Anthropology Seminar | Fire’s Habit: Pyrodiversity and the Politics of Apprehension
This paper introduces and reflects upon some recent, northern Australian efforts to re-imagine fire. These efforts bring together fire ecologists, anthropologists, and Indigenous peoples from across the top end of the Northern Territory, and aim both to enclose fire, to contain its excessive animacy in novel arrangements of expertise, ecological management, and carbon exchange, and to disclose fire’s constitutive relation to Australian landscapes, climate, and Indigenous sociality itself. In pursuing the tensions that accompany such efforts, this paper charts the peculiar work that fire performs as a “theory machine” (Galison 1993) for policy makers, Indigenous advocates, and anthropologists alike.
About the Speaker
Danny Fisher is associate professor of anthropology at UC Berkeley. He is author of The Voice and its Doubles (Duke, 2016) and co-editor of Radio Fields: Anthropology and Wireless Sound in the 21st Century (NYU, 2012).

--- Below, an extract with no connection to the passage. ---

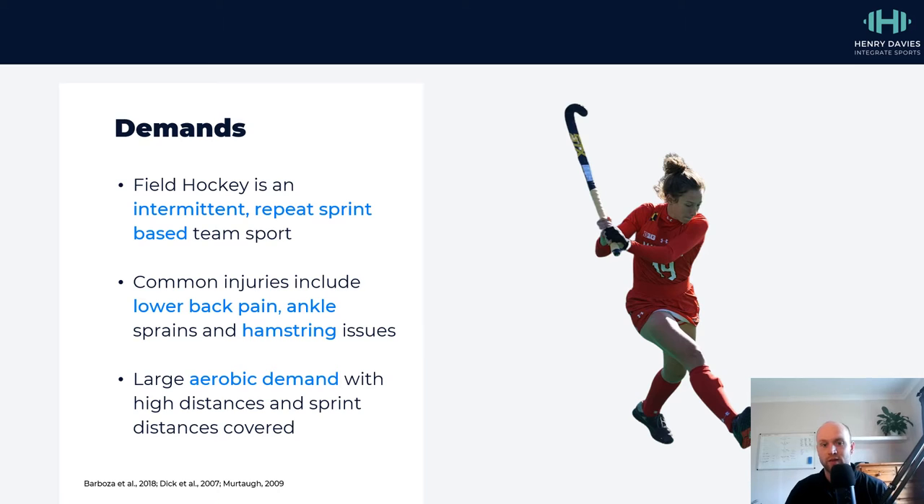And if that's not the case, then you're going to be at higher risk of injury. Ankle sprains occur because of the kind of unexpected changes of direction that sometimes occur. And hamstrings, again, because of those low positions and high-speed sprinting exposures as well.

His work on music and sound, Indigenous media, and the voice has appeared in publications including American Ethnologist, Cultural Anthropology, and Oceania and in collections including Aural Cultures and Keywords in Sound. He is currently completing a monograph on the new urban worlds of Australia’s Northern Territory, while pursuing additional projects on the political life of Aboriginal musical celebrity and the resurgence of elemental analytics in and beyond Anthropology.